As he lay in bed in the early hours of Monday morning, Mustafa Onge was woken by the buzzing of his phone. It was his familly, who, thousands of miles away, in the city of Sanliurfa, Turkey, had been disturbed from their sleep by much more violent vibrations.
“There has been an earthquake,” read that first, gut-sinking text. “The earth is still shaking. Buildings are falling. But we are okay.”
Official reports claim that over 11,000 have been confirmed dead as a result of the earthquake, and the World Health Organisation has predicted that those numbers will increase dramatically in the coming weeks.
After reading those texts, Mustafa, a barber in Omagh, did not close his eyes for the rest of the night, and he has had little opportunity to catch up those missed hours of sleep since.

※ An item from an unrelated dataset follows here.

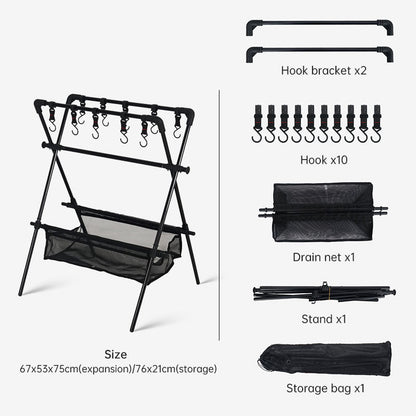 Outdoor camping folding shelf camping car drying rack drying net drying rack storage rack eprolo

Because, while, for most of us, the carnage created by the earthquakes that hit Turkey and Syria earlier this week only rush into our reality when we turn on the news, for Mustafa, the death and devastation has never left his mind.
“My parents, my brother, my sister, my cousins, all my friends and family are back home in Turkey,” he told the UH when we spoke with him on Tueday afternoon.
Mustafa, who is the owner of Authentic Turkish Barbers on Market Street, has been in Omagh for six years. Before that he spent six years in Belfast.
But, in the 12 years he has lived away from his homeland, Mustafa said he has never felt more separate from his friends and family than he does now.
“Nothing like this has happened since I have been away from home. It is awful. When I found out, I cried in my bed.”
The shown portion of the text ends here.